I haven't mentioned that my wife and I are thrift store addicts. We generally go at least once a week. I check out books, my wife is into various vintage items [btw, in case you don't know, the rule is that if something is less than a hundred years old, it's vintage. Antiques have to be at least 100 years old. No joke, I think you can get in trouble if you have an ad for antiques that aren't actually old enough to be considered such.]

Anyway, over the years it's funny to see what pops up over and over in thrift store book sections, there are titles and authors that are almost always there, and you can definitely tell when a popular title is beginning to wane based on when it makes its debut at Salvation Army, Goodwill, etc. I see a lot of Dan Brown these days, and the occasional Harry Potter book.

Stephen King: Thrift store mainstay, usually his titles from the Nineties and later. His appearance certainly doesn't mean a decline in popularity, I think in his case it means the opposite, that the average household that has books to donate probably has at least one King title. I don't know if I've ever been to a thrift store that didn't have at least one King book. The earlier King is not as prevalent, but can still be found.

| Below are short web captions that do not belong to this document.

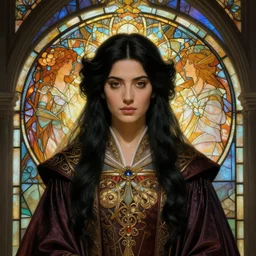 masterpiece head-on symmetrical centered painted portrait, Mahira Khan as a D&D wizard mage, black hair, no hands, ornate mage robes, glowing stained glass backdrop, elegant, in the style of Ruan Jia and Edgar Maxence and Ross Tran and Alphonse Mucha and Ayami Kojima and Charlie Bowater and Greg Rutkowski and Karol Bak and Jean Delville, Art Nouveau, Pre-Raphaelite, Neo-Gothic, 8k, specular highlights, octane render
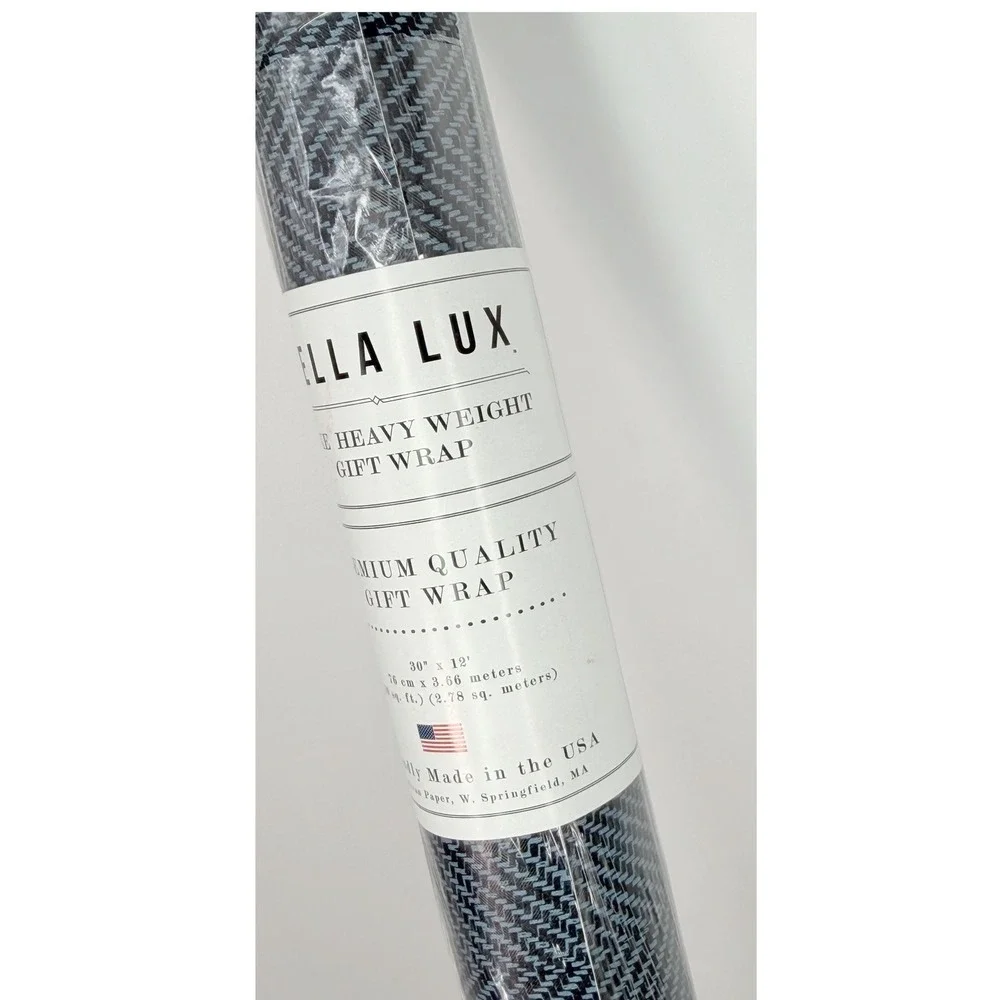 Bella Lux Luxe Heavy Weight Gift Wrap Navy Blue Herringbone 30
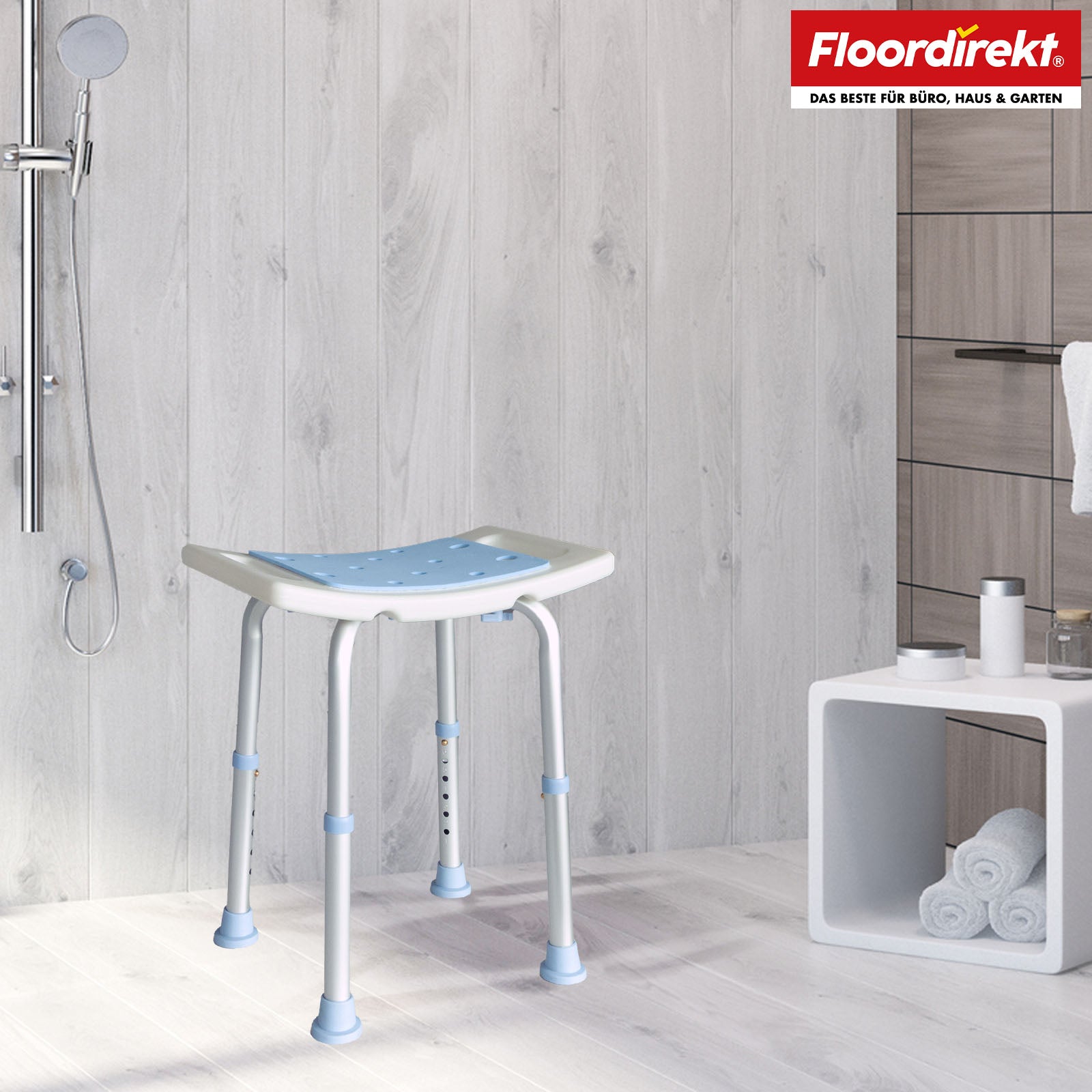 Shower and bath stool | Nora | Height-adjustable, non-slip and durable seat for the bath and shower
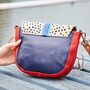 Seema Multicoloured Recycled Leather Crossbody Bag, thumbnail 4 of 5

Garrison Keilor: Almost as prevalent as King, although for different reasons.
I think people get his books as gifts. Also, by now it's a cycle where people buy his books from thrift stores and then donate them later. I actually like his books, usually. I guess they don't lend themselves to long-term reading, and thus take up residence in the donation pile. Maybe NPR-demographic households are more likely to donate to thrift stores. Someone should do a study.

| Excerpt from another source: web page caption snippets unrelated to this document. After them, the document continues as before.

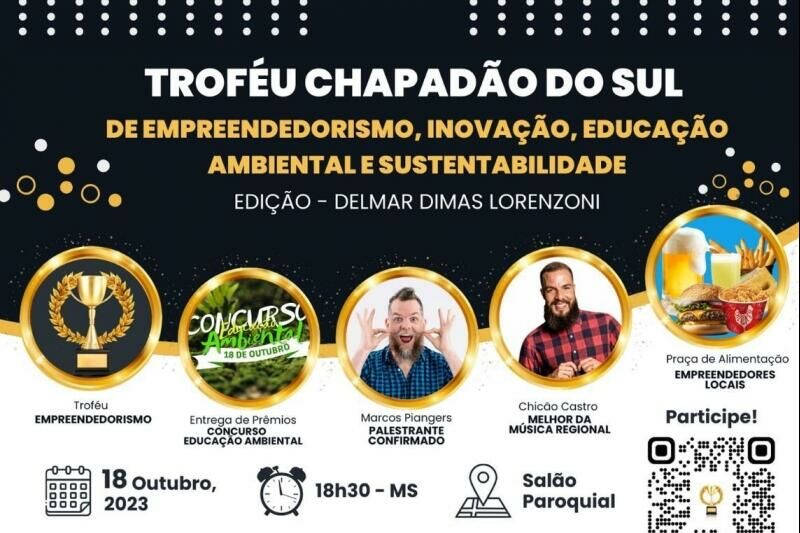 Imagem de compartilhamento para o artigo Prêmio Troféu Chapadão do Sul de Empreendedorismo será realizado hoje da MS Todo dia
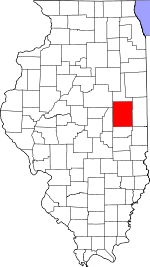 Карта штата Иллинойс с выделением округа Шампейн 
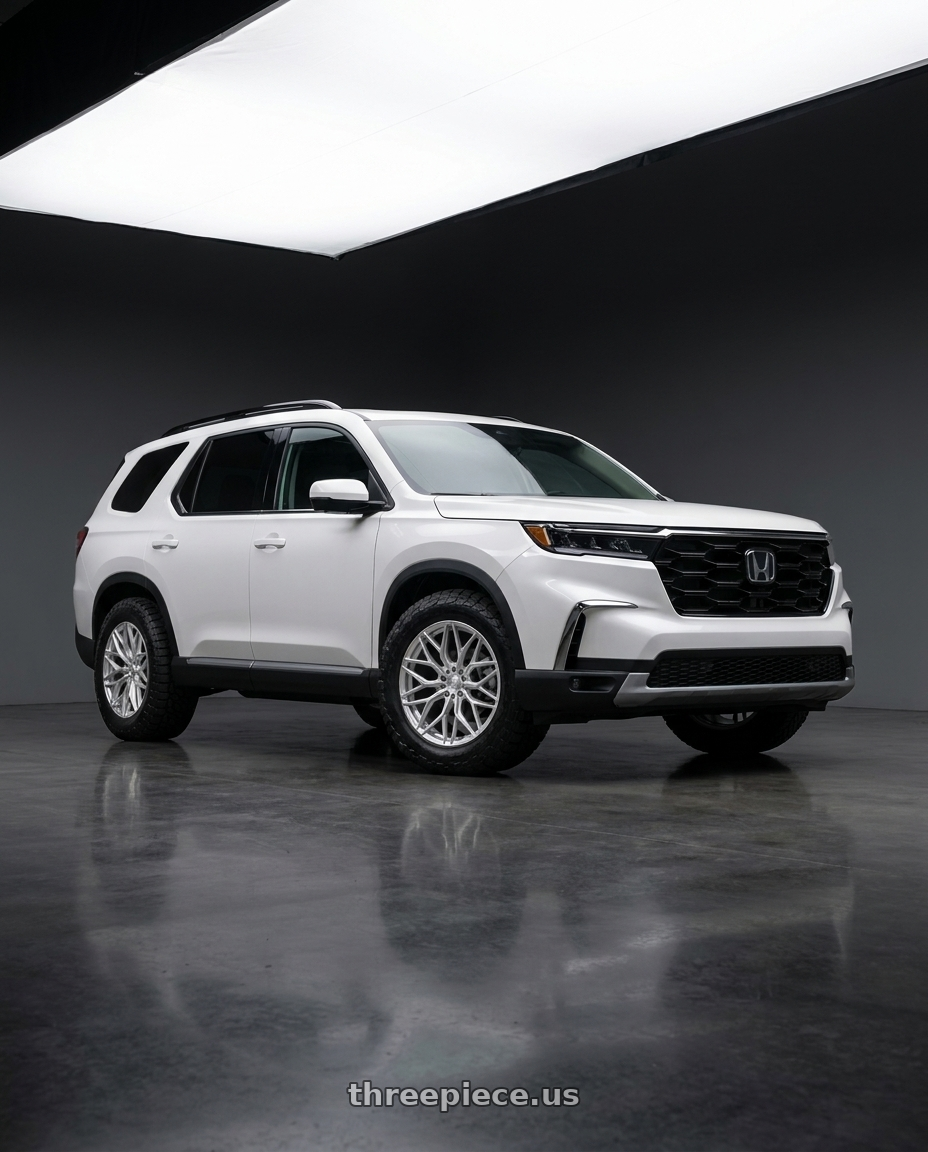 2023 Honda Pilot Touring with AL13 FR80 5x120 20x9 +40 Diamond Silver wheels front three quarter view stock stance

Rush Limbaugh: Sort of the book equivalent of a pet rock [and about as intelligent], his books are almost always there too. I guess it's hard to get excited about Nineties-era conservative talking points these days. Look out Anne Coulter, I've been seeing your books quite a bit over the past year, which may mean your time is up, probably for the same reason--no one cares about ranting from decades past. Wouldn't be surprised to see Glenn Beck here in a few years. I guess anything topical is doomed for the thrift store, along with copies of FUTURE SHOCK and THE POPULATION BOMB, and the Nineties books about how the Dow was going to hit 30,000.

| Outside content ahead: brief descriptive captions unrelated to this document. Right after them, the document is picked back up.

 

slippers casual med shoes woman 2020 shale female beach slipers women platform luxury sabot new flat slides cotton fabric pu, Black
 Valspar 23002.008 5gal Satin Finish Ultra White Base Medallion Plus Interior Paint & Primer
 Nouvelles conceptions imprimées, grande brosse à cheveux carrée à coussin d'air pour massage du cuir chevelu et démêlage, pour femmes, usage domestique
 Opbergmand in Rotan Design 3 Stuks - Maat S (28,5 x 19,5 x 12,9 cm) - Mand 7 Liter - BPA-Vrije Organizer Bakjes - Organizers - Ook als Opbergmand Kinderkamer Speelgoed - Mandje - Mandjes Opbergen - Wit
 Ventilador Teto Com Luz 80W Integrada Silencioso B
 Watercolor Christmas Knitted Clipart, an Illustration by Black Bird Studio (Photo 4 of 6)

Tom Clancy: Same as King, I guess. Probably when old military guys [or those who pretended to be such] take off for the Big Casino, their survivors dump a ton of these off onto the thrift stores.

When I lived in the Bay Area I'd find much better books at the thrifts. Those stores were more like going to a library or regular bookstore as far as the variety of titles available. But the old standbys like the ones on this list were always there too.

Generally, the better finds I have where I'm at now [city that is much more working/lower class, lower education level on average] are non-fiction, the fiction all tends to be the same stuff.